We propose a semi-analytic Stokes expansion ansatz for finite-depth standing water waves and devise a recursive algorithm to solve the system of differential equations governing the expansion coefficients. We implement the algorithm on a supercomputer using arbitrary-precision arithmetic. The Stokes expansion introduces hyperbolic trigonometric terms that require exponentiation of power series. We handle this efficiently using Bell polynomials. Under mild assumptions on the fluid depth, we prove that there are no exact resonances, though small divisors may occur. Sudden changes in growth rate in the expansion coefficients are found to correspond to imperfect bifurcations observed when families of standing waves are computed using a shooting method. A direct connection between small divisors in the recursive algorithm and imperfect bifurcations in the solution curves is observed, where the small divisor excites higher-frequency parasitic standing waves that oscillate on top of the main wave. A 109th order Pad\'e approximation maintains 25--30 digits of accuracy on both sides of the first imperfect bifurcation encountered for the unit-depth problem. This suggests that even if the Stokes expansion is divergent, there may be a closely related convergent sequence of rational approximations.

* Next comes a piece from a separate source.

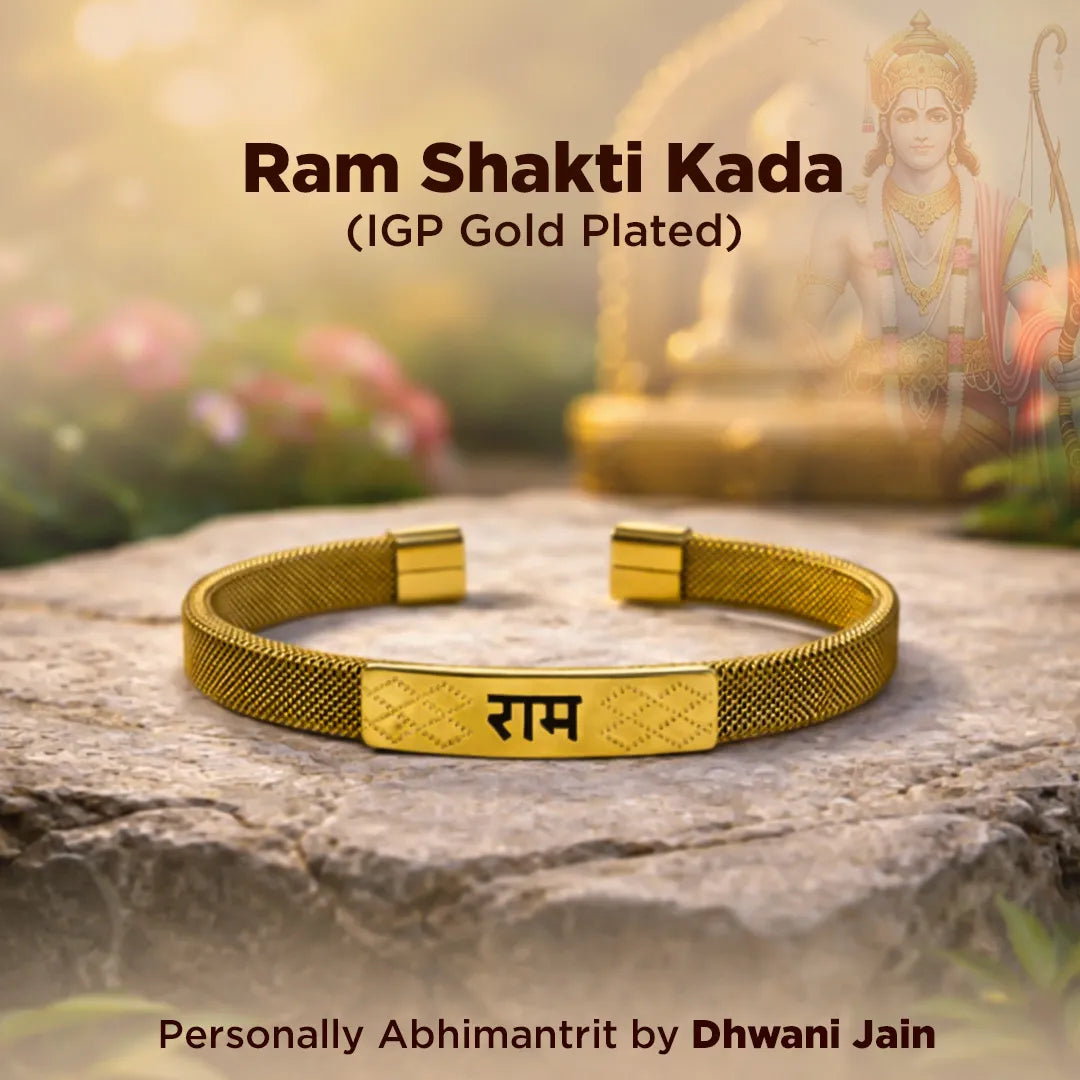 Gold-plated bracelet with 'Ram' engraving on a stone surface, with a blurred statue and flowers in the background.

翻译：我们针对有限深度驻立水面波动提出一种半解析Stokes展开假设，并设计出递归算法以求解控制展开系数的微分方程组。我们在超级计算机上采用任意精度算术实现该算法。Stokes展开引入了需要幂级数指数运算的双曲三角项，我们利用Bell多项式高效处理这一问题。在关于流体深度的弱假设下，我们证明不存在精确共振，但可能出现小除数现象。展开系数增长率的突变与使用打靶法计算驻立波族时观察到的不完美分岔相对应。我们观察到递归算法中的小除数与解曲线中的不完美分岔之间存在直接联系——小除数会激发在主波上振荡的高频寄生驻立波。对于单位深度问题，第109阶Padé近似在首次遇到的不完美分岔两侧均保持25-30位有效数字精度。这表明即使Stokes展开发散，仍可能存在密切相关的收敛有理近似序列。